No es extraño que nuestro malsano individualismo
lo recubramos y defendamos con la muy colombiana
cultura del vivo, del avispado

 

No es extraño que nuestro malsano individualismo lo recubramos y defendamos con la muy colombiana cultura del vivo, del avispado. Para sacar avante nuestros deseos, nuestras necesidades, nuestros planes, nuestros proyectos de vida, recurrimos a la triquiñuela, a la trampa, a la mentira, la cultura del atajo y nos enorgullecemos de tal proceder. Ser vivo es uno de los orgullos más colombianos.

"El avispado tiene profunda confianza en sí mismo; por tanto, no requiere de preparación, dado que su astucia natural le permite salir triunfante en todas las situaciones. 'Solo sé que nada sé', repetía Sócrates con humildad. 'Yo me las sé todas', farfulla con arrogancia nuestro personaje. El avispado no prevé las situaciones, las resuelve en cada momento gracias a su viveza. Para el avispado, la mejor universidad es la calle y la vida. El avispado no cree en el esfuerzo, pues sabe cómo ganársela de ojo. El avispado no conversa, se come de cuento a la gente. Para el avispado, no hay mayor alegría que sacar ventaja en cada negocio y jactarse con suficiencia: 'yo no lo tumbé, él se cayó solo' ".

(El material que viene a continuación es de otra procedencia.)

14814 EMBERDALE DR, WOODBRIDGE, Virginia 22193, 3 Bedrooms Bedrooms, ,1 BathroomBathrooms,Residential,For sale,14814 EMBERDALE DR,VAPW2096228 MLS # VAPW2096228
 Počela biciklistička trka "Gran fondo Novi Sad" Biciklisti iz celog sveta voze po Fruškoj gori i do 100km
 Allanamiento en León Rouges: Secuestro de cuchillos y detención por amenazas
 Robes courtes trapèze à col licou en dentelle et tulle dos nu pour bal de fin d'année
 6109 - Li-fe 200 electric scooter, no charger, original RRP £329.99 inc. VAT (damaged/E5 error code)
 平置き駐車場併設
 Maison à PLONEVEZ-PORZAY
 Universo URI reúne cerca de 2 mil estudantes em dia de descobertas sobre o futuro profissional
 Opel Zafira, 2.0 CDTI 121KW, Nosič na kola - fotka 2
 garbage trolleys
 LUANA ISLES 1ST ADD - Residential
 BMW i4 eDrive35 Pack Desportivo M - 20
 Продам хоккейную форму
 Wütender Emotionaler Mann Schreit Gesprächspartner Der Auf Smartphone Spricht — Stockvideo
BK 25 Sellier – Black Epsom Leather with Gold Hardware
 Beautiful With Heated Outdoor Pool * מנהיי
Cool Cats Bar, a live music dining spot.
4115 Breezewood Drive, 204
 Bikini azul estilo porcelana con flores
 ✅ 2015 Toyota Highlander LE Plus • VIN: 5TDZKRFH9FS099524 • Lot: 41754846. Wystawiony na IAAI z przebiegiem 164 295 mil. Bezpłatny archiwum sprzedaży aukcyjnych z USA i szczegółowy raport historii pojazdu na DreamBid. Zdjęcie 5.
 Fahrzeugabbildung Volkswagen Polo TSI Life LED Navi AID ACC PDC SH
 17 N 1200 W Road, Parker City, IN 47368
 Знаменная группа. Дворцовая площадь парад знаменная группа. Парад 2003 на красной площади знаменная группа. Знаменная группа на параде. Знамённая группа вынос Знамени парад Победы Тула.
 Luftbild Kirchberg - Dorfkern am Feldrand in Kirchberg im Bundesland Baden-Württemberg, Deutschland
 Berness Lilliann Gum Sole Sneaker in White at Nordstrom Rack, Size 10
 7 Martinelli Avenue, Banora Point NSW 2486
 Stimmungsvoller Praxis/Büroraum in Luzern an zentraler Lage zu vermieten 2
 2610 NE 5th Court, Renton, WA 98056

“Y, por supuesto, esta conducta se proyecta en el resto de la vida cotidiana. El avispado no hace filas, no respeta los turnos y tiene mil artilugios para burlar cualquier norma social o legal que impida alcanzar sus ambiciones. Las más elementales normas de convivencia, los semáforos, los códigos, no son obstáculos en su camino. Siempre habrá un atajo para llegar antes que los ingenuos, como bien lo ha descrito Antanas Mockus. El refranero popular define perfectamente la norma para triunfar: 'El vivo vive del bobo'.

La mayor de nuestras desgracias es persistir en “la idea errada de que podemos ser felices solos o, peor aún, contra los otros”. (José Luís Peixoto). Una manera de vivir nuestro colombianísimo individualismo que solo nos asegura una cosa: vivir en una perpetua y estéril guerra de destrucción mutua.